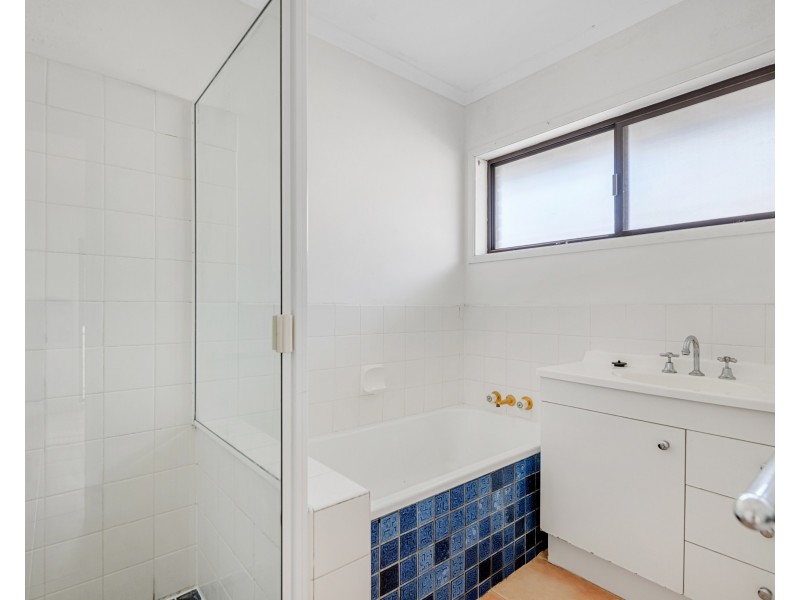 10 Loffs Road, Jamboree Heights QLD 4074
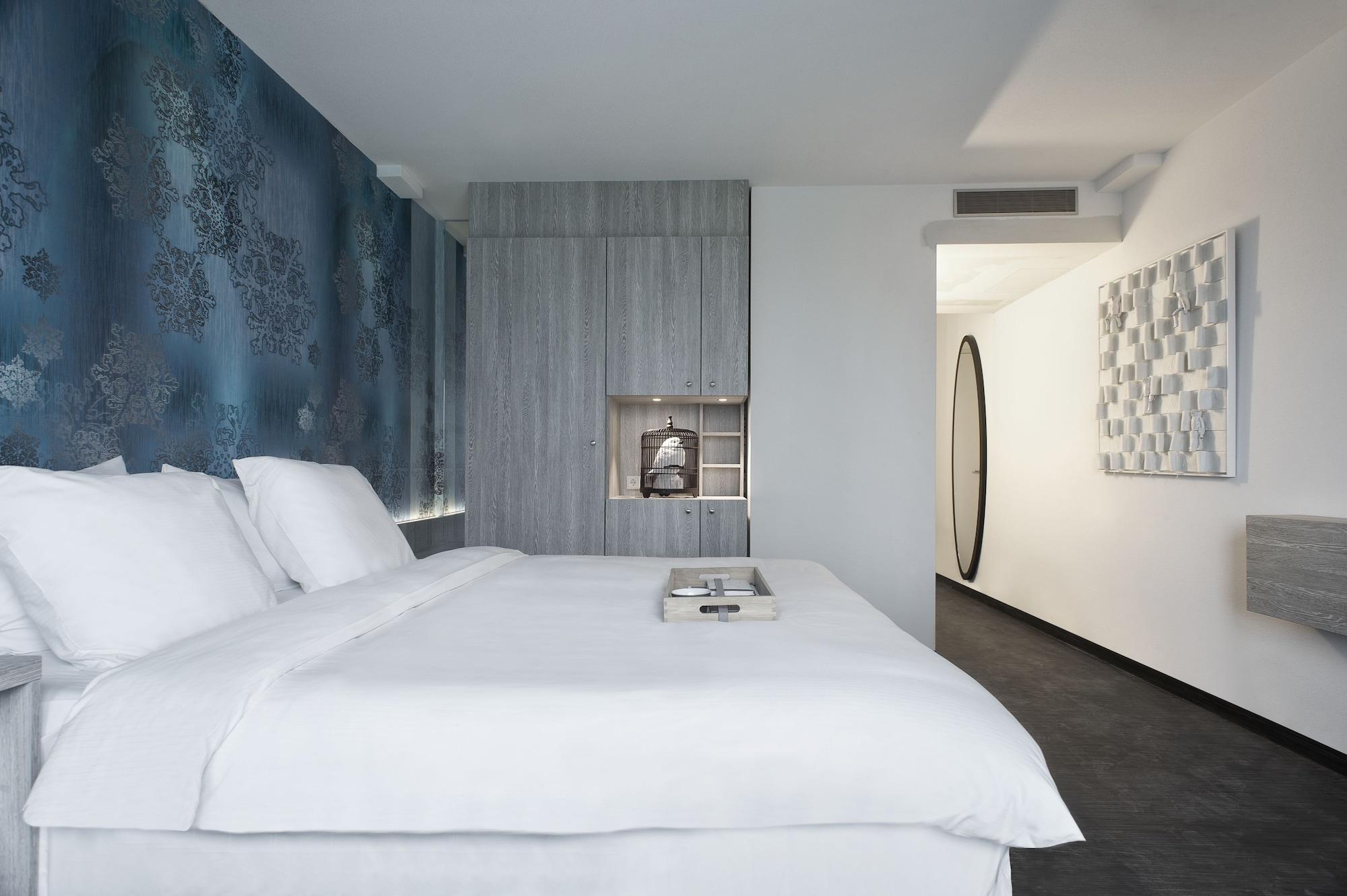Mainport Design Hotel 5*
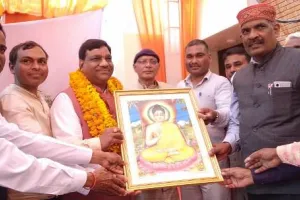 बरेली: विधायकों को गौतम बुद्ध की प्रतिमा देकर किया सम्मानित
══════════════════════════════
**TASK REQUIREMENTS**
From the first line to the last, retype the data exactly, but omit every image.

**WRITTEN SOLUTION**
 10 Loffs Road, Jamboree Heights QLD 4074
Mainport Design Hotel 5*
 बरेली: विधायकों को गौतम बुद्ध की प्रतिमा देकर किया सम्मानित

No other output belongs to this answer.